You ask an interesting question. Generally in the US, people are pretty excited about showing off wedding pictures so this is... unexpected.
Yet people have the right to be private about things; I know that I am! And people also tend to have a hard time adapting to unexpected behaviors as well.
This is a situation where a compromise is a challenge. You don't want to show your wedding pictures, and your co-workers expect that you do want to show them. I suspect that the honest response of "I don't want to show them" is just going to be met with arguments - I know when I engage in non-typical behaviors, it seems like accepting "I don't want to do that" is met with astonishment and not really respected! Yet you also don't want to be badgered again and again.
There are 2 factors in your favor. The first of these is time. Over time, people lose interest and move on. So, yes, right now, they want to see wedding pictures. Over time, though, we see that people eventually move on from that to something else. So... waiting this out will eventually work.
However, you also need something to do while people lose focus/curiousity. And I don't think that being honest, like you were in your response above, is going to work. It'll usually be met with "No! You look great" or "who cares? All brides are beautiful" or something like that.

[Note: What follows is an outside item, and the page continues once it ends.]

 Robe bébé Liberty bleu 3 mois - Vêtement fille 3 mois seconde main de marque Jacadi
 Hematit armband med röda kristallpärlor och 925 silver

The second factor is consistency on your behalf. If your response is the same, people will get tired of hearing it. Being honest can work. I have no problem telling people 'No, I won't be able to do that' or 'I'm sorry, that's not possible' when it's true. And here some honesty can also work. Leave the pictures at home and reply with "I don't have them here" - which is true. You don't have them there. If you really want to make a point, adding "I'm a private person and don't want to share wedding pictures" can also be added - but expect some people to try to argue with that. The response there is to just repeat the answer and not explain. Quite often unplanned responses are met with "why?" - but the purpose is generally not to understand; it's to overcome the objection. In this case, your "why" is "Because I'm a very private person and I'm asking that be respected. Thanks!"

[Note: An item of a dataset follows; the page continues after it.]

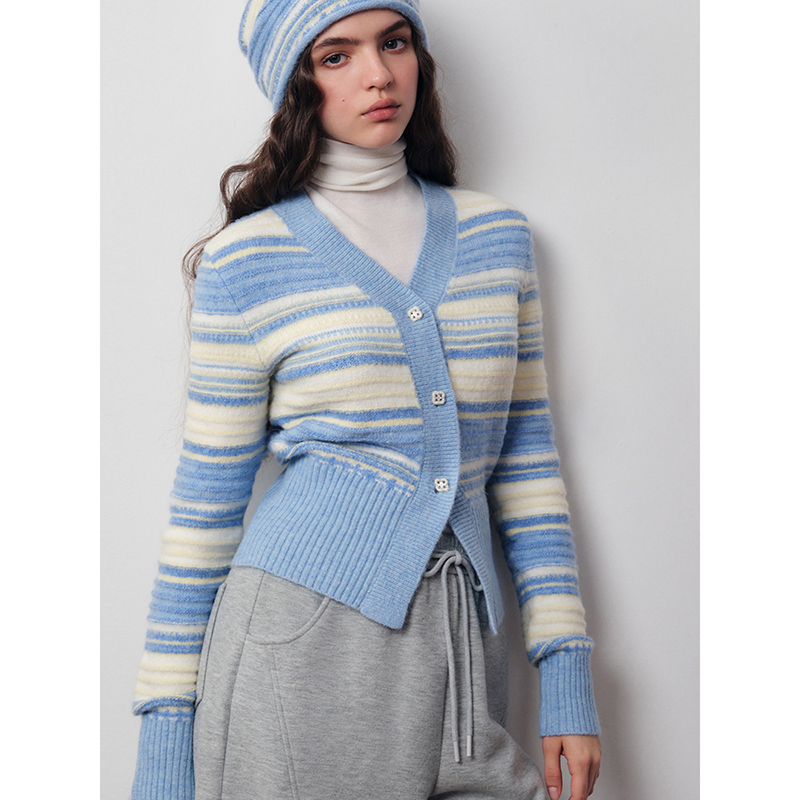 【昕怡粉丝专享】秋女友风撞色条纹针织开衫8C22321AYP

Now, this works when in the office. But in these pandemic days, when everyone possible is working from home, it's a little less believable because, well, you're at home where the pictures are.
Nowadays everyone gets electronic pictures, so the old response of "I don't have them scanned yet" or some similar variation doesn't really work any more. However, I think it's safe to assume you haven't uploaded them anywhere public. And that response works as well. "Oh... In all the whirlwind, I haven't uploaded them anywhere public yet. I'll have to do that when I've got time for that." And that day is... never. And you could probably add after a while that "I am a private person and don't care to publicly upload my wedding pictures where I have no control over what happens to them."

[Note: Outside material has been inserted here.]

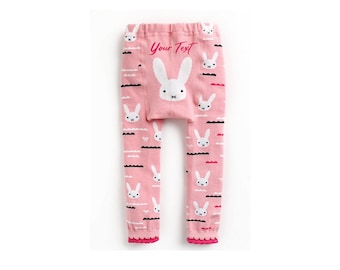 Personalized Easter Bunny Leggings Custom Text Baby Girls LEGGINGS Pink Rabbit Pattern Tights Stretchy Girls Leggings Elastic Ribbed Waist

The nice thing about working remotely is that you are usually the one controlling the call. It's easy to, if someone gets insistent, say something like, "It's good talking, but I've got a lot to do. Unless you need something work-related, I need to go. I'll talk to you soon!" and hang up. Be pleasant but firm, and the word will come out quickly that you don't have a lot of time to talk about/argue about wedding pictures. I've taken that tactic with people that want to socialize, with whom I have no intention to socialize. I can be gracious but also businesslike so I'm not stepping on toes but also remain in control of my workday.
Tl/dr: Leave the pictures at home and respond with "I don't have them here" or "I haven't uploaded them anywhere public yet". If someone keeps pressing; add "I'm a private person and don't want to show off my wedding pictures" and if someone is still persistent, add "I'm a private person and asking that be respected. Thanks!" Then wait for people to get tired of asking and for them to move on to something else.